WHAT NEEDS TO BE DONE → Pictures appear among the records below and must be omitted. Repeat exactly the lines from the line with "Below the level" to the line with "The next topic", both included.

MATERIALS PROVIDED →

Start of Block

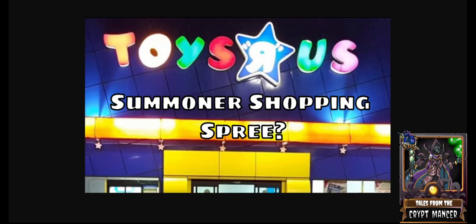Hello crypto boys and ghouls and welcome back to the channel Tales from the Cryptmancer where we feature content on play and earn games on the blockchain such as Splinterlands. And in today's video I wanted to play a clip from a recent Splinterlands TV Twitch stream.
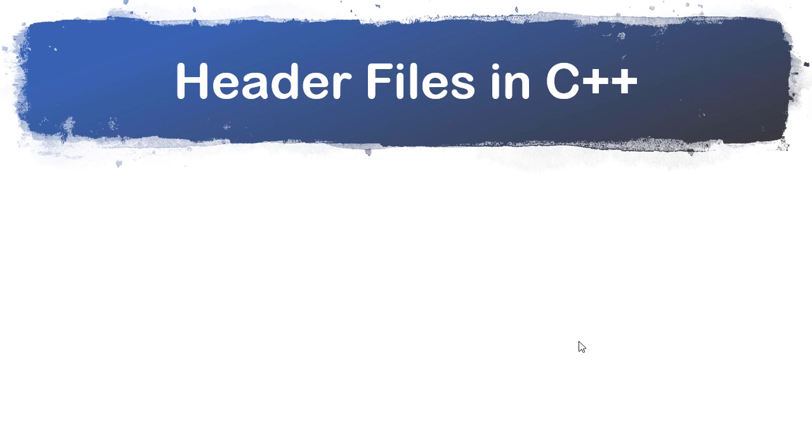In this video, we're going to talk about how header files work in C++, and a short summary of that is pretty much it's the same as they work in C.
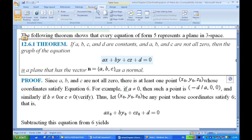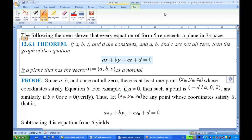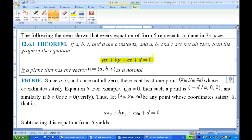If you are given the equation of the plane, how is it related to the normal? If the equation of the plane is given by ax plus by plus cz equals 0, then (a, b, c) is actually the normal to the plane. The plane has the vector n as a normal vector.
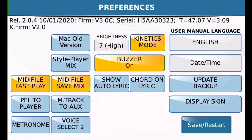If you don't use any of those features, go ahead and leave Style Player set to Single and then you won't have to worry about it.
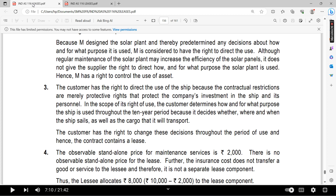The customer has the right to change these decisions throughout the period of use, and hence the contract contains a lease. The customer has the right to direct the use of the ship because the contractual restrictions are merely protective rights that protect the company's investment in the ship and its personnel within the scope.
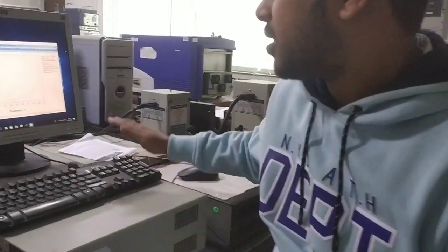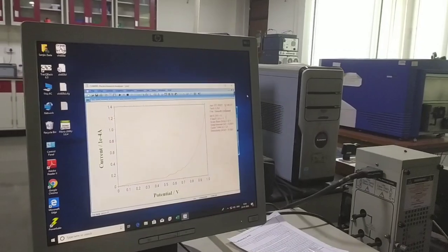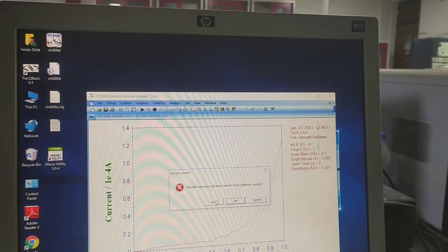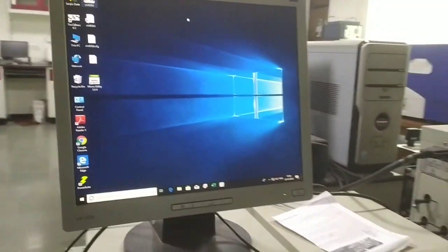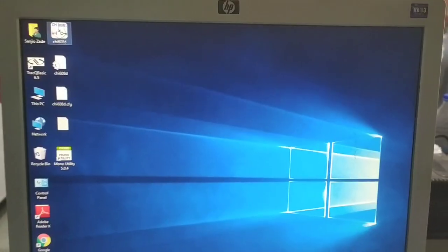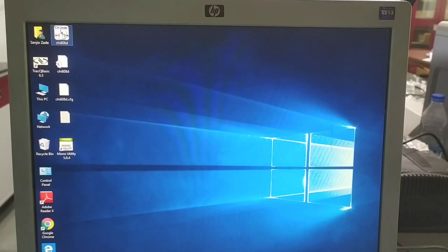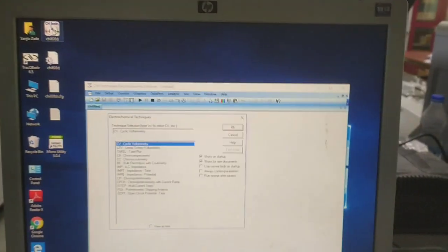Hello friends, welcome to our channel BJ Experiment Session. Today we are going to see how to use the CX instrument and also the CX software. This is the CX instrument and this is our desktop where we have the CX software. In this video we will see how to use the CX software with the CX instrument.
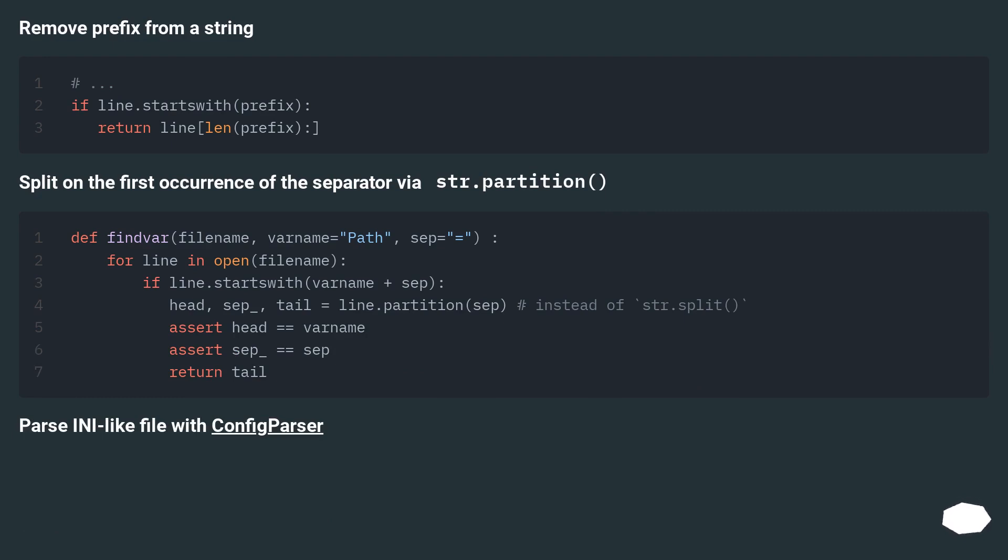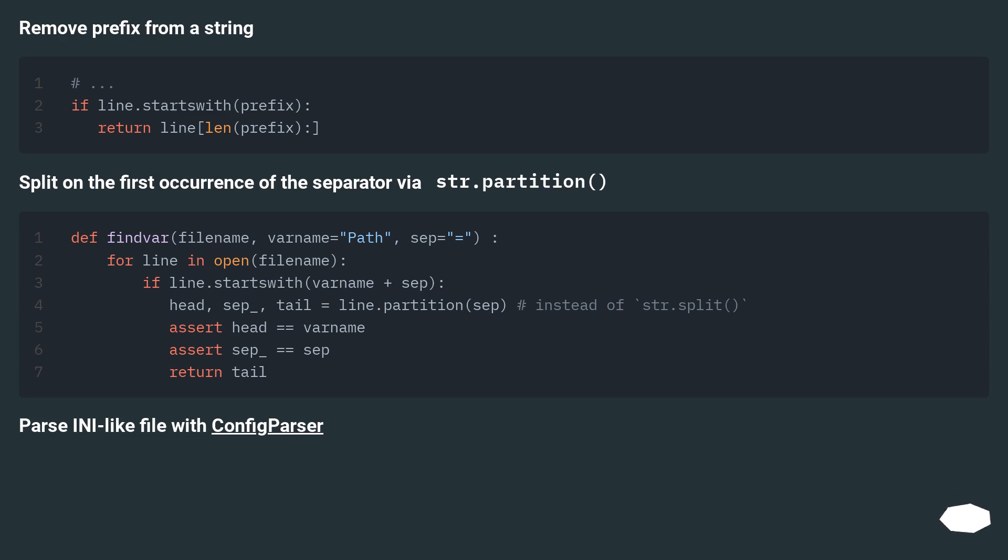Remove prefix from a string. Split on the first occurrence of the separator via str.partition. Parse ini-like file with configparser.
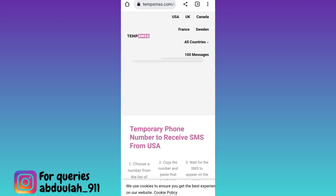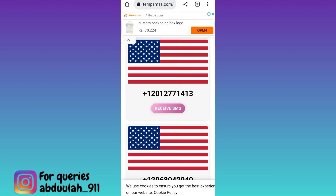Again scroll down. These are the free USA numbers that you can use to create your Signal account. So select any one phone number and below that phone number, click on this receive SMS option.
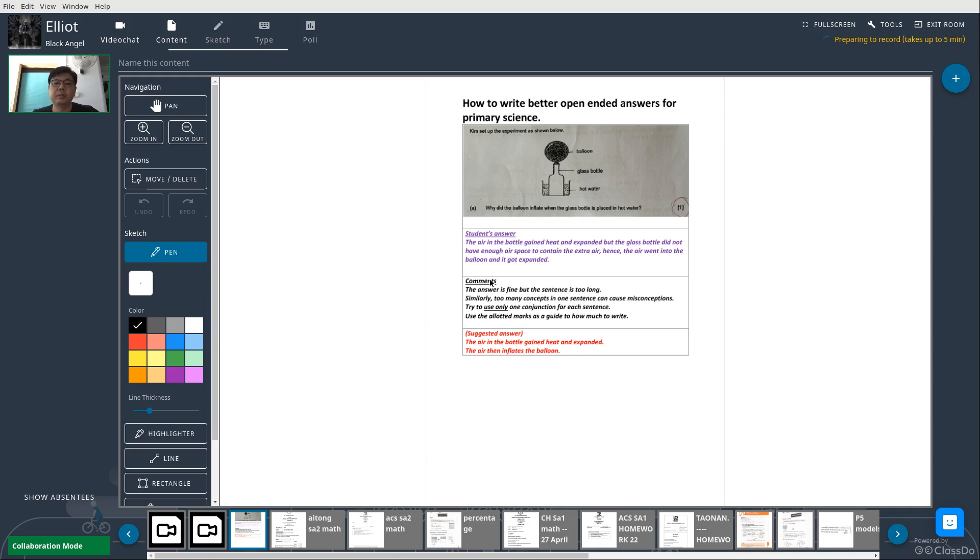Good afternoon. Today's lesson will be how to write better open-ended answers for primary science.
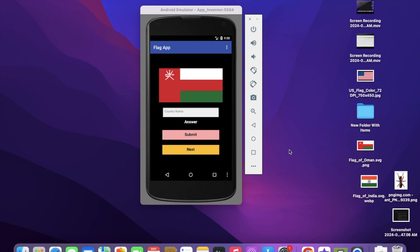I'm working on this amazing MIT App Inventor app. This is the flag game where you need to detect the flag - which flag is that - and you need to give the answer.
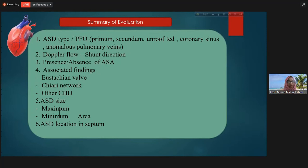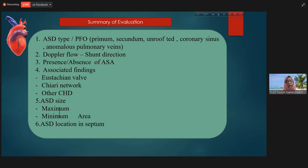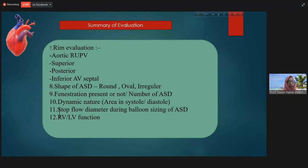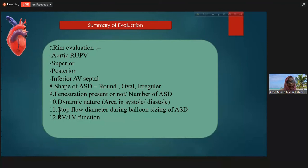In summary, we can evaluate the ASD type, presence or absence of patent foramen ovale, Doppler flow and direction of the shunt, and chamber dimensions. We can also see if there is a Eustachian valve or Chiari network, measure the circularity index — whether the ASD is circular, oval, or elliptical — do rim evaluation, and assess the dynamic nature of the ASD: whether there is a large difference in ASD dimension between systole and diastole, which requires selecting a slightly larger device.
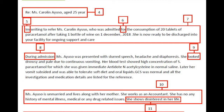Moving to the second paragraph, the paragraph starts with 'during admission,' which is not necessary and you can avoid it. The paragraph reads: 'Ms. Ayuso was presented with slurred speech, headache, and diaphoresis. She looked drowsy and pale due to continuous vomiting. Her blood test showed high concentration of paracetamol for which she was given immediate antidote N-acetylcysteine in normal saline. Later, her vomiting subsided and she was able to tolerate soft diet and oral liquids. GCS was normal and all investigation and medication details are listed for reference.' The first sentence can be extended by adding 'following the ingestion of 20 tablets of paracetamol along with a bottle of wine,' and 'looked' in the second sentence can be replaced with 'appeared,' which seems more appropriate.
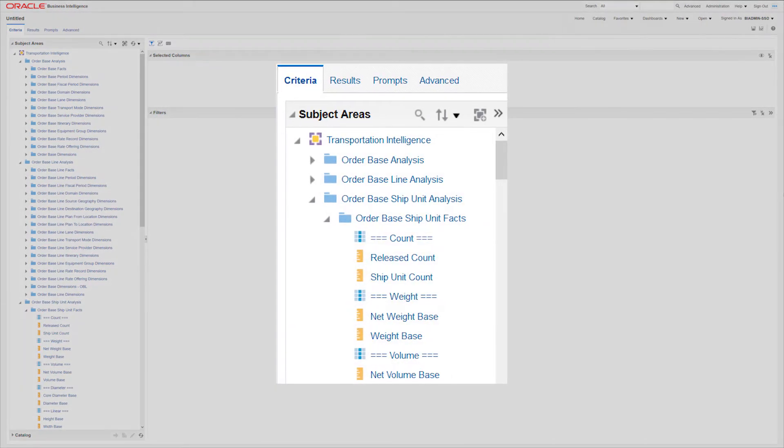In Transportation Intelligence, we've extended the Transportation Analysis subject area to support OTM's order base, giving users deeper insights to analyze the end-to-end transportation lifecycle.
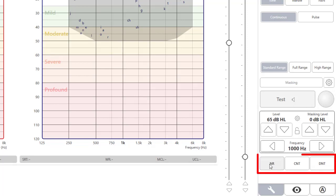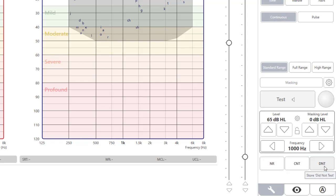Below the level controls, you will find the no response, could not test, and did not test buttons. Click on these when necessary and the proper symbols will be recorded at the threshold and frequency where you are testing.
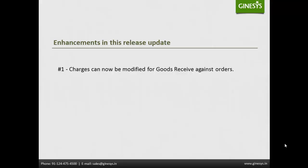Enhancement released in this update is charges can now be modified for goods received against order.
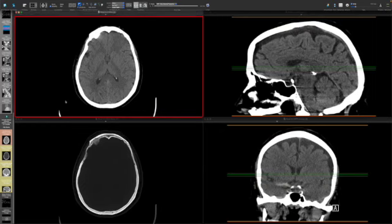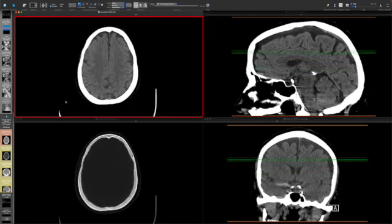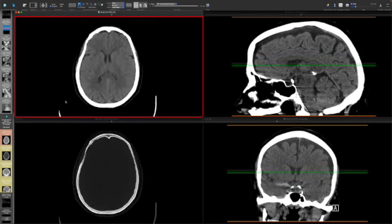Hello, this is Dr. Eric Peterson. We're going to go through case number 9220 and talk about some of the findings on the non-contrast head CT.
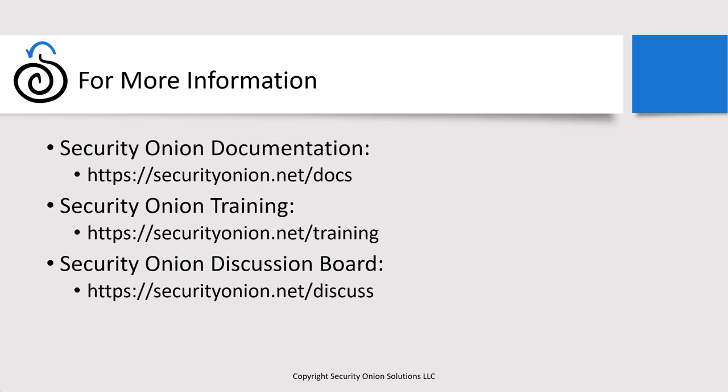If you have questions, there's more documentation on the Cases module available on our docs page, securityonion.net. If you're interested in any of our training offerings where we get more in-depth in the platform on topics like this, there's information available at securityonion.net slash training. And if you have questions about cases or if you're having issues getting it to work properly in your environment, please feel free to reach out and start a new thread at securityonion.net slash discuss. That's our community discussion board. Thanks a lot. I hope this video was helpful. Have a great day.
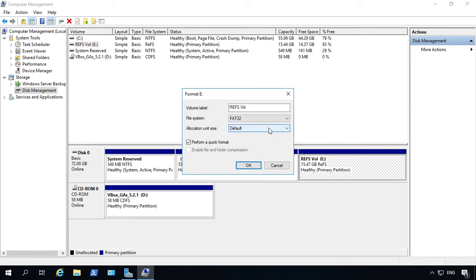Now the advantage to the FAT32 option is that you can also use it to communicate with other operating systems like Linux, Unix, and Macintosh.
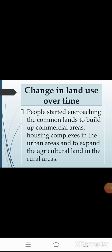The next topic is change in land use over time. The availability of land is limited and cannot be increased, whereas the demands of human beings are ever growing. The quality of land also differs from place to place. People started encroaching on common lands to build commercial areas. In rural areas, land is mostly used for agriculture, whereas in urban areas it is used for commercial purposes, houses, complexes, buildings, schools, hospitals, and more. These vast changes in land use pattern also reflect the cultural changes in our society.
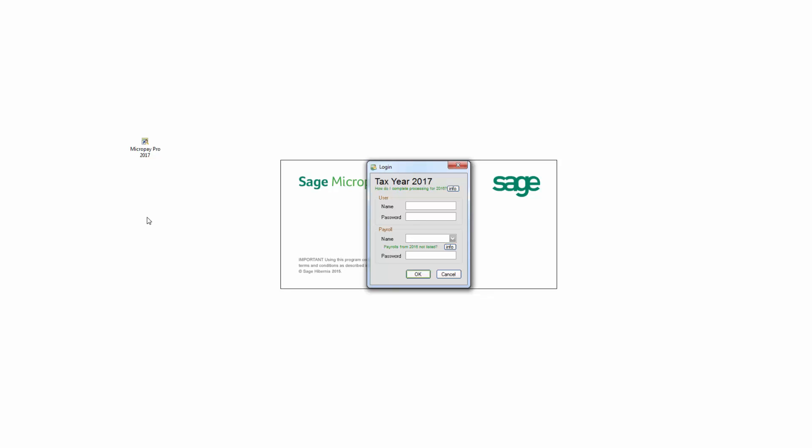To set up payroll access groups and users, you must first log into Micropay as the system administrator. The username is admin and the default password is pass unless you've changed it.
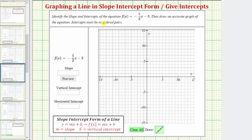We're asked to identify the slope and intercepts of the equation f of x equals negative 1½ x minus three, and then draw an accurate graph of the linear equation.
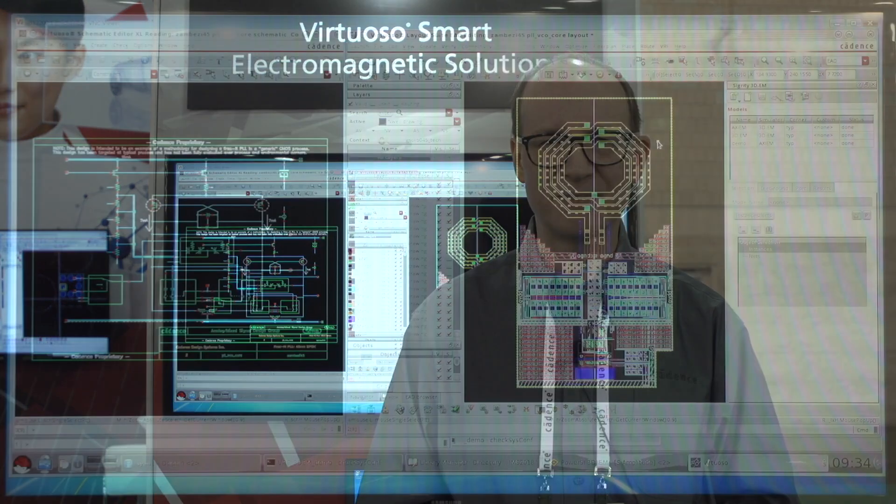This extraction capability makes use of two electromagnetic solver engines: the Sigridi 3DEM finite element engine and the Axiom method of moments engine from National Instruments.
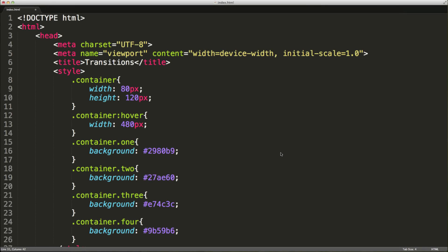In this video, we're going to take a look at transitions in CSS. Transitions allow us to add an effect when we're changing from one style to another.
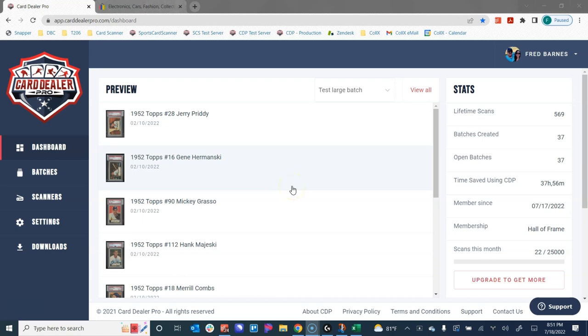Hello everyone, Fred here with Card Dealer Pro. In this video we're going to give you a high level overview of the services that Card Dealer Pro offers and how this can help you rapidly list your cards for sale on the internet. We're not going to go into detail in every aspect, just hit on the major features at a very high level. We have tons of other how-to guides that will help you dive into all of the features in more detail if you want to see those.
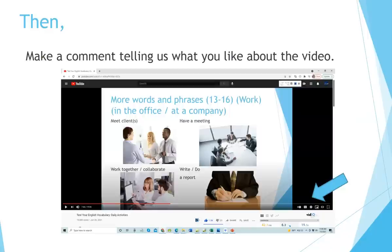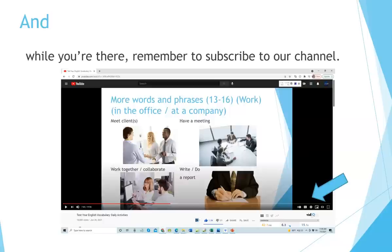Then, make a comment telling us what you like about the video. The comment section is just below the video that you watch. You may need to register at YouTube in order to make a comment or have an account at YouTube. And while you're there, remember to subscribe to our channel.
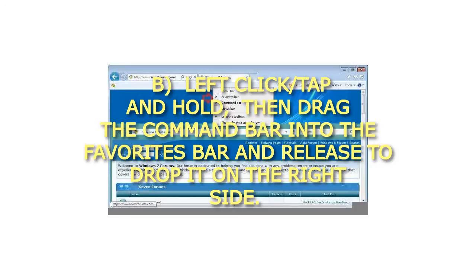C. Right-click on a blank space on the toolbar, then click or tap lock the toolbars to check it.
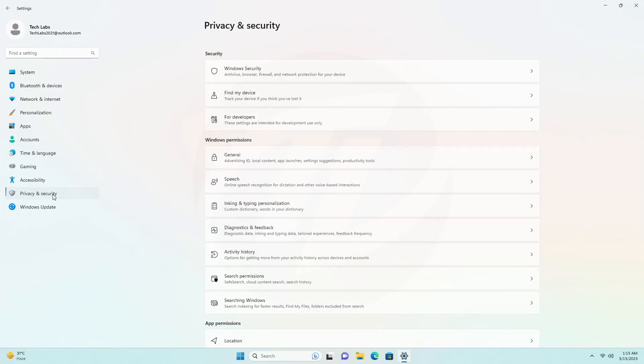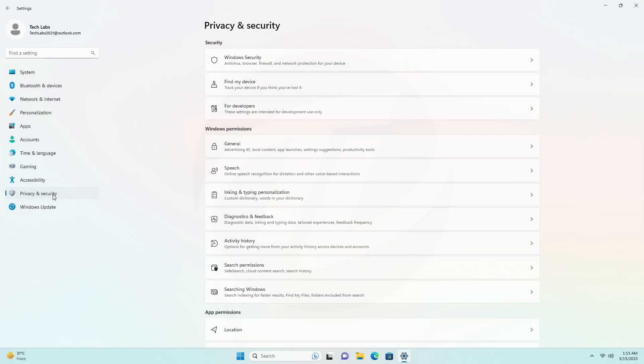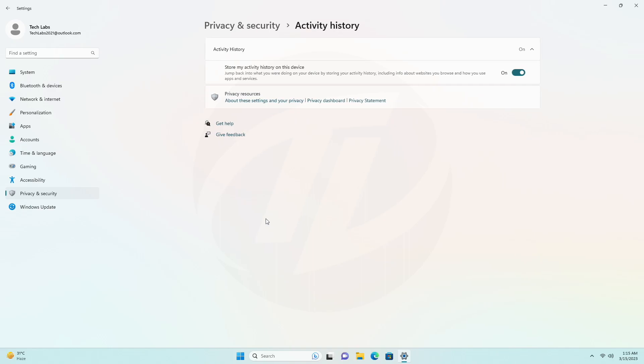Open settings on Windows 11, click on privacy and security, click on activity history, and click the clear history button to delete the activities, if available.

End of Block

OUTPUT FOR THIS TASK →
Below the level controls, you will find the no response, could not test, and did not test buttons. Click on these when necessary and the proper symbols will be recorded at the threshold and frequency where you are testing.
Enhancement released in this update is charges can now be modified for goods received against order.
Hello, this is Dr. Eric Peterson. We're going to go through case number 9220 and talk about some of the findings on the non-contrast head CT.
If you have questions, there's more documentation on the Cases module available on our docs page, securityonion.net. If you're interested in any of our training offerings where we get more in-depth in the platform on topics like this, there's information available at securityonion.net slash training. And if you have questions about cases or if you're having issues getting it to work properly in your environment, please feel free to reach out and start a new thread at securityonion.net slash discuss. That's our community discussion board. Thanks a lot. I hope this video was helpful. Have a great day.
Now the advantage to the FAT32 option is that you can also use it to communicate with other operating systems like Linux, Unix, and Macintosh.
The next topic is change in land use over time. The availability of land is limited and cannot be increased, whereas the demands of human beings are ever growing. The quality of land also differs from place to place. People started encroaching on common lands to build commercial areas. In rural areas, land is mostly used for agriculture, whereas in urban areas it is used for commercial purposes, houses, complexes, buildings, schools, hospitals, and more. These vast changes in land use pattern also reflect the cultural changes in our society.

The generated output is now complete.